If you need any more info, please let me know.

Thanks!

----------

## pappy_mcfae

Good work on the kernel setup. For the most part, you were spot on with it. The thing which was causing your problem was the fact that the OHCI USB driver was a module. USB drivers are best compiled into the kernel. Also, since the UHCI was also on, it may have been adding to the misery. Small problem, easily fixed.

Click here for your fixed .config. Compile as is.

For the best results, please do the following:

1) Move your .config file out of your kernel source directory ( /usr/src/linux-2.6.28-gentoo-r3 ).

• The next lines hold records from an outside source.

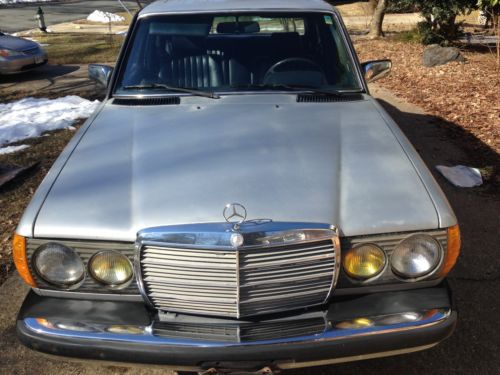 Mercedes-Benz 300D Turbon Diesel, US $2,500.00, image 2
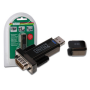 Digitus USB-Serial RS232 (DP9) Converter | Adapterit / Adapterikaapelit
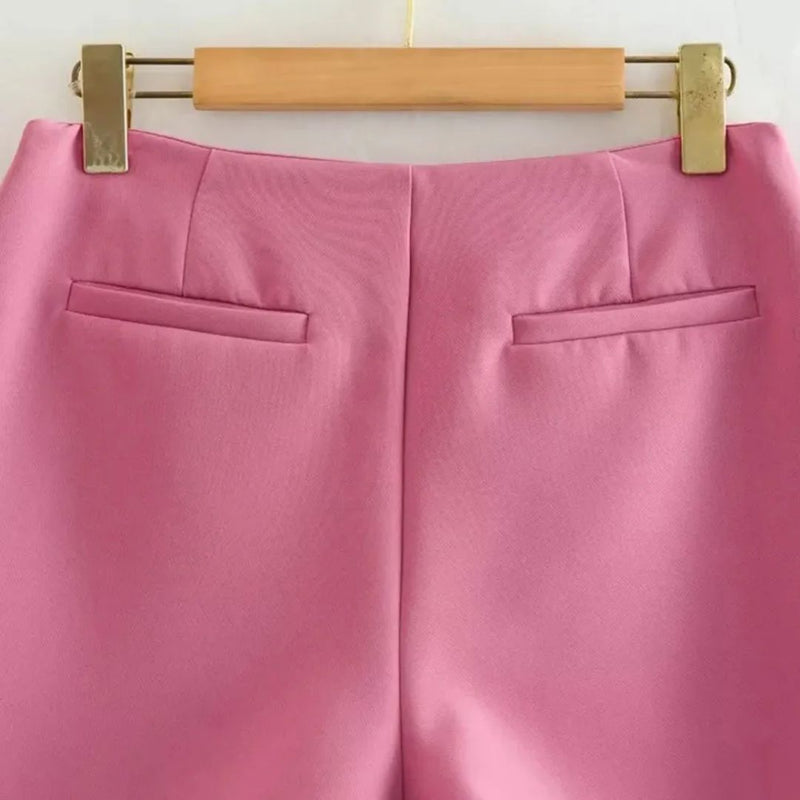 Vardi Dante™ Zoe Shortrok | Vintage & Stijlvol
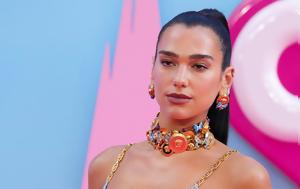 Dua Lipa – Διέγραψε, Instagram, Dua Lipa – diegrapse, Instagram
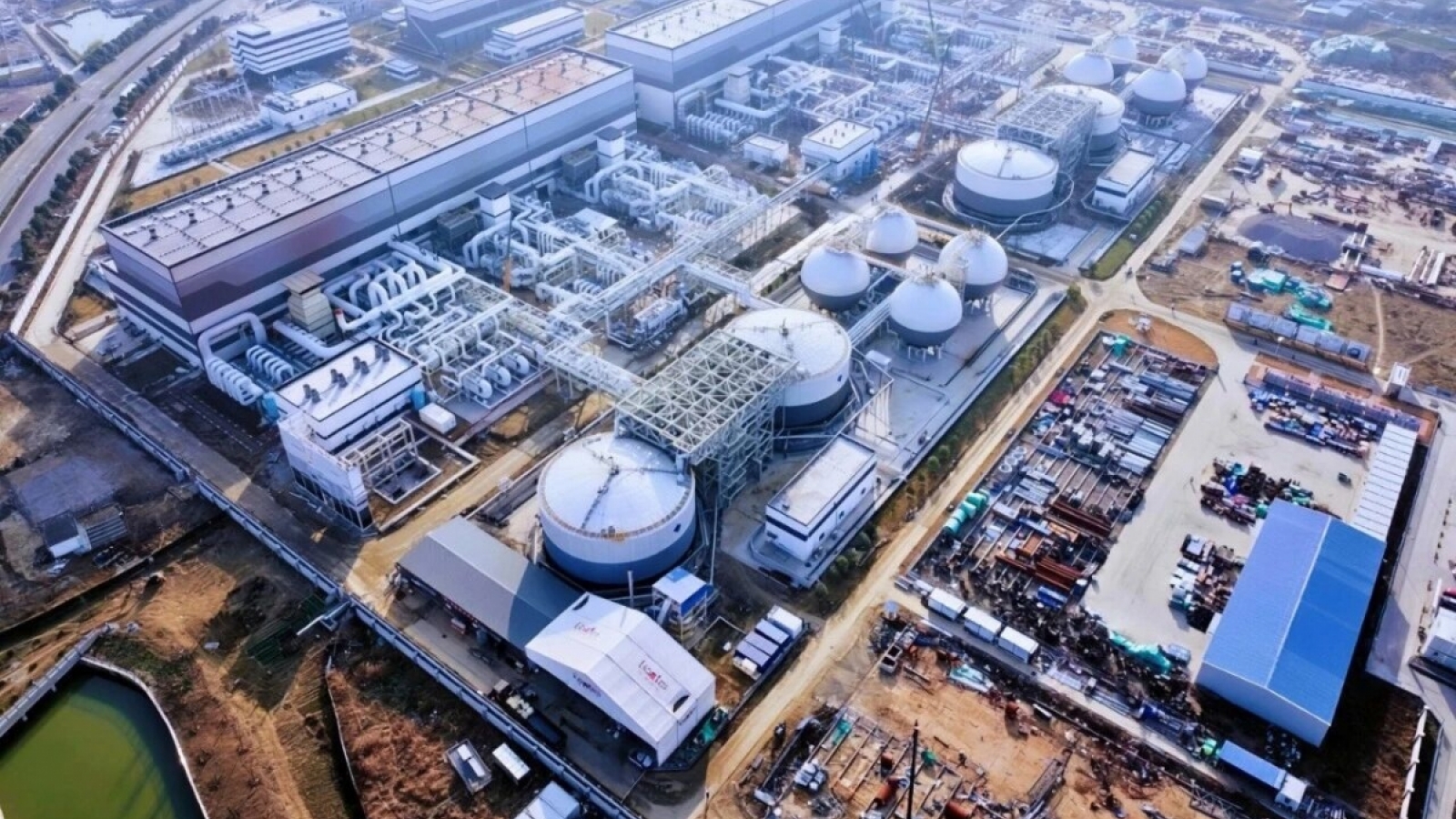Trung Quốc khẳng định sẵn sàng cùng Đông Nam Á ứng phó an ninh năng lượng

2) Issue the command make mrproper. This is a destructive step. It returns the source to pristine condition. Unmoved .config files will be deleted!

3) Copy my .config into your source directory.

4) Issue the command make && make modules_install.

5) Install the kernel as you normally would, and reboot.

6) Once it boots, please post /var/log/dmesg so I can see how things loaded.

Blessed be!

Pappy

----------

## Tariella

 *pappy_mcfae wrote:*   

> Good work on the kernel setup. For the most part, you were spot on with it.

 

I was working with one of your seeds for the first kernel config (some versions ago) so the credits go to you.  :Wink: 

I was able to mess it up though.  :Embarassed: 

 *pappy_mcfae wrote:*   

> Small problem, easily fixed. 

 

Only when you know where to look.  :Wink:  It would have taken me ages of trial and error to figure out what was wrong.

Again I learned something new about kernel voodoo.  :Wink: 

I'll post my dmesg as soon as it works.

Thanks a lot, Pappy!Last edited by Tariella on Sun Apr 19, 2009 7:26 pm; edited 1 time in total

----------

## kernelOfTruth

 *pappy_mcfae wrote:*   

> The thing which was causing your problem was the fact that the OHCI USB driver was a module. USB drivers are best compiled into the kernel. Also, since the UHCI was also on, it may have been adding to the misery. Small problem, easily fixed.
> 
> 

 

++

fixed a lot of problems for me   :Idea: 

----------

## pappy_mcfae

"You're welcomes" to all!

Blessed be!

Pappy

----------

## Tariella

Here is the dmesg (point 6 from your how-to).

I had to remove preemtion and add pci_find_* because of the ati-drivers. 

Thanks again!

----------

## pappy_mcfae

You're most welcome.

Blessed be!

Pappy

----------